Orlando, le favori du prêtre roux
Essai transformé (après 2 tentatives) , l’Orlando furioso (d’après Arioste) valut à Vivaldi un grand succès. Composé à Venise, joué en 1727 au Teatro Sant’Angelo, le sujet est propice à l’opéra : la description d’un héros dans tous ses états, capable de perdre la raison pour une folie amoureuse. Désir et folie, voici deux ingrédients idéaux pour une bonne recette. L’esprit carnavalesque de l’œuvre où ordre et désordre se côtoient, y compris dans l’écriture novatrice de Vivaldi, convenait aussi parfaitement au public vénitien.
Vue globale : Orlando lunaire
La mise en scène cherche à recréer les fastes d’un opéra baroque et en met plein les mirettes : des effets spectaculaires, des machines impressionnantes comme l’hippogriffe de Ruggiero, mi-oiseau, mi-cheval manipulé par 3 marionnettistes, le géant Arontes qu’Orlando détruira dans son dernier accès de fureur.

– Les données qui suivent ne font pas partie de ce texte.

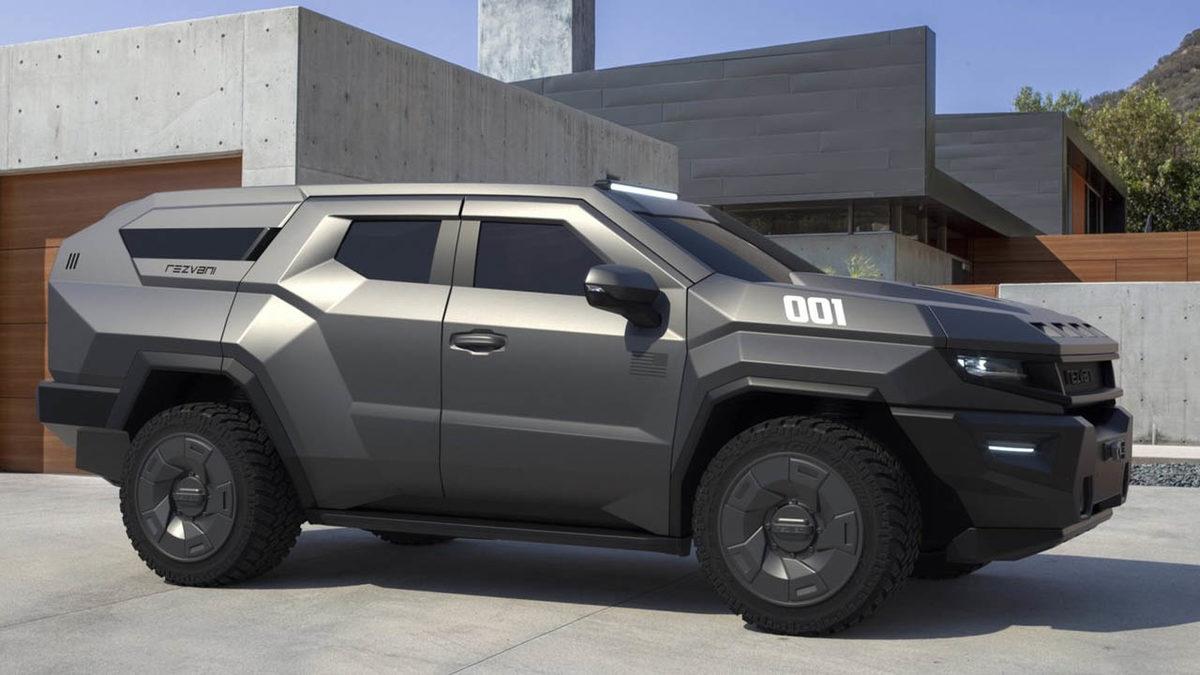 Yanında Bomba Patlasa Boyası Çizilmez: İçi Saray, Dışı Tank Gibi SUV Rezvani Vengeance Tanıtıldı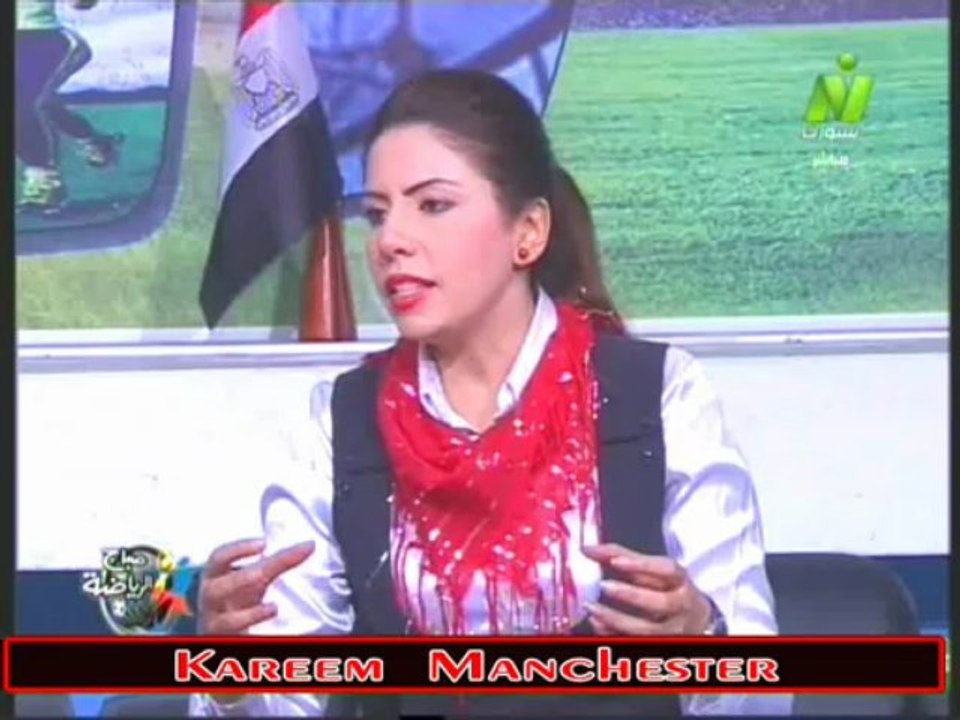 حوار الاعلاميه سها ابراهيم فى صباح الرياضه مع مهندس ايهاب صالح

La pleine lune qui domine l’arrière-plan se tourne pour devenir une grande coquille dorée , palais-grotte où trône la magicienne Alcina entourée de ses esclaves asexués, langoureux… la séduction est au premier plan et l’île de la magicienne a déjà des allures de Venusberg wagnérien ! L’enchantement se retrouve également dans la magnificence des costumes ainsi que dans les éclairages variés intensifiant la magie de nombreuses scènes et renforçant l’état émotionnel des personnages.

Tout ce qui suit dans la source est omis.